Он точно, он бесспорно
Фиглярин-журналист,
Марающий задорно
Свой бестолковый лист.
А это что за дура?
Ведь Истина, ей-ей!
Давно ль его конура
Знакома стала ей?
На чепуху и враки
Чутьём наведена,
Занятиям мараки
Пришла мешать она.

 

Attracted with her flair
to nonsense and rubbish,
she [Truth] came to disturb
the scribbler in his occupations.

 

The line Na chepukhu i vraki (to nonsense and rubbish) was composed by Pushkin. At Antonina Pavlovna's birthday party Lyubov's younger sister Vera asks Aunt Zhenya not to listen to vsyakie vraki (all kinds of rubbish):

 

Входят тётя Женя и дядя Поль. Она: пышная, в шёлковом платье, была бы в чепце с лентами, если бы на полвека раньше. Он: белый бобрик, белые бравые усы, которые расчёсывает щёточкой, благообразен, но гага.
Тётя Женя. Неужели это всё правда? Бежал с каторги? Пытался ночью вломиться к вам?
Вера. Глупости, тётя Женя. Что вы слушаете всякие враки? (Act Two)

 

In his Epistle to Aleksandr Alekseyevich Pleshcheyev (1794) Karamzin says that there is no sin in laughing at everything what seems funny: 

 

Кто муз от скуки призывает

И нежных граций, спутниц их; 

Стихами, прозой забавляет,

Себя, домашних и чужих;

От сердца чистого смеется

(Смеяться, право, не грешно!)

Над всем, что кажется смешно, —

Тот в мире с миром уживется

И дней своих не прекратит

Железом острым или ядом...

 

Karamzin's words became proverbial after they were used by the Russian translator of the German libretto of Die Fledermaus ("The Bat," 1874), an operetta by Johann Strauss II (1825-99), an Austrian composer famous for his waltzes. Save Me the Waltz (1932) is a novel by Zelda Sayre Fitzgerald, a semi-autobiographical account of her life and marriage to F. Scott Fitzgerald. The name Salvator means "savior."

 

At the end of F. Scott Fitzgerald's story The Diamond as Big as the Ritz (1922) the main character says that his was a great sin who first invented consciousness:

 

After supper they folded up the table-cloth and spread their blankets for the night.

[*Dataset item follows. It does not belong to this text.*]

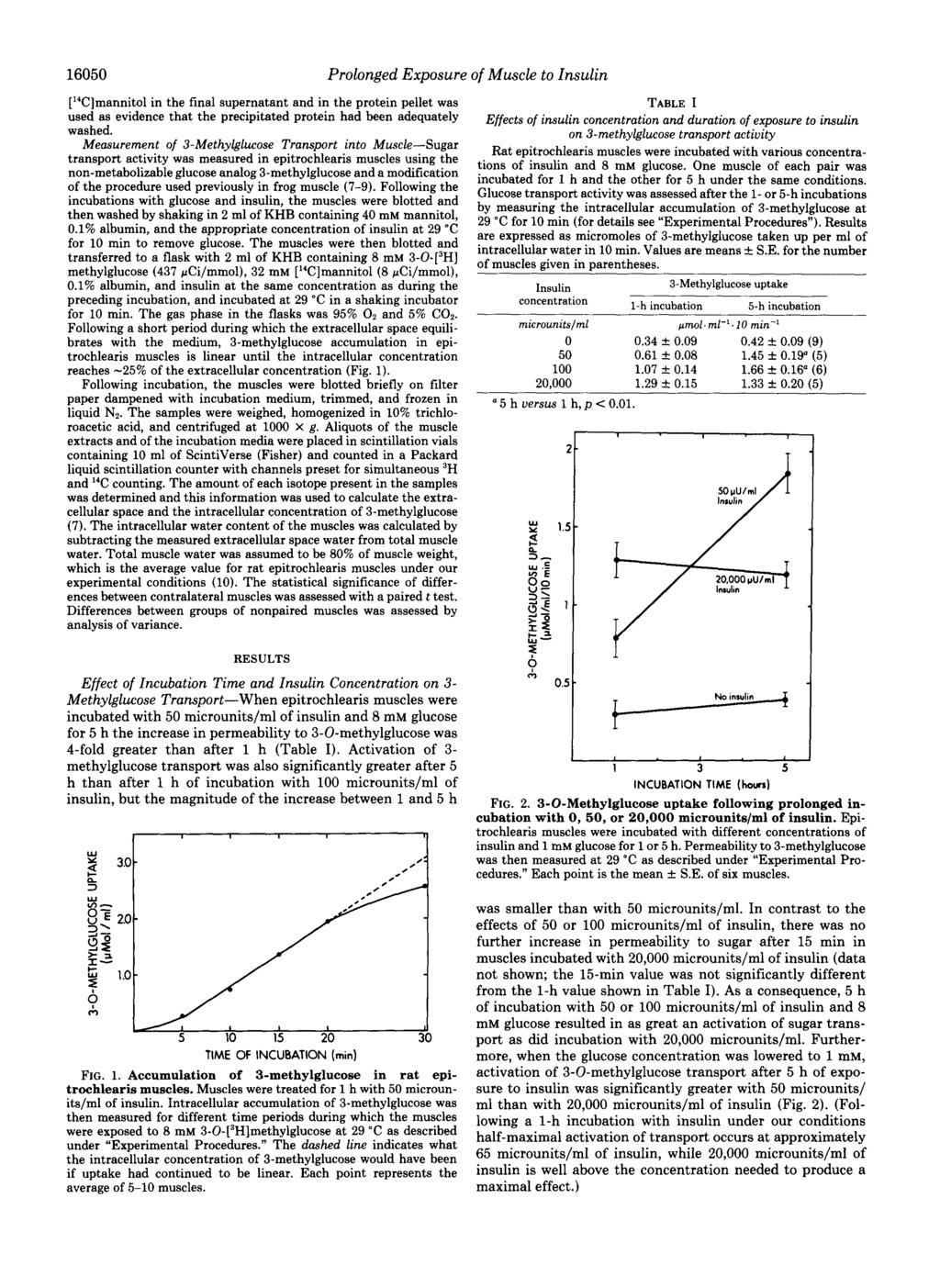 16050 Prolonged Exposure of Muscle to nsulin [14C]mannitol in the final supernatant and in the protein pellet was used as evidence that the precipitated protein had been adequately washed.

“What a dream it was,” Kismine sighed, gazing up at the stars. “How strange it seems to be here with one dress and a penniless fiance!

“Under the stars,” she repeated. “I never noticed the stars before. I always thought of them as great big diamonds that belonged to some one. Now they frighten me. They make me feel that it was all a dream, all my youth.”

“It was a dream,” said John quietly. “Everybody’s youth is a dream, a form of chemical madness.”

“How pleasant then to be insane!”

“So I’m told,” said John gloomily. “I don’t know any longer. At any rate, let us love for a while, for a year or so, you and me. That’s a form of divine drunkenness that we can all try. There are only diamonds in the whole world, diamonds and perhaps the shabby gift of disillusion. Well, I have that last and I will make the usual nothing of it.” He shivered. “Turn up your coat collar, little girl, the night’s full of chill and you’ll get pneumonia. His was a great sin who first invented consciousness. Let us lose it for a few hours.”

So wrapping himself in his blanket he fell off to sleep. (chapter XI)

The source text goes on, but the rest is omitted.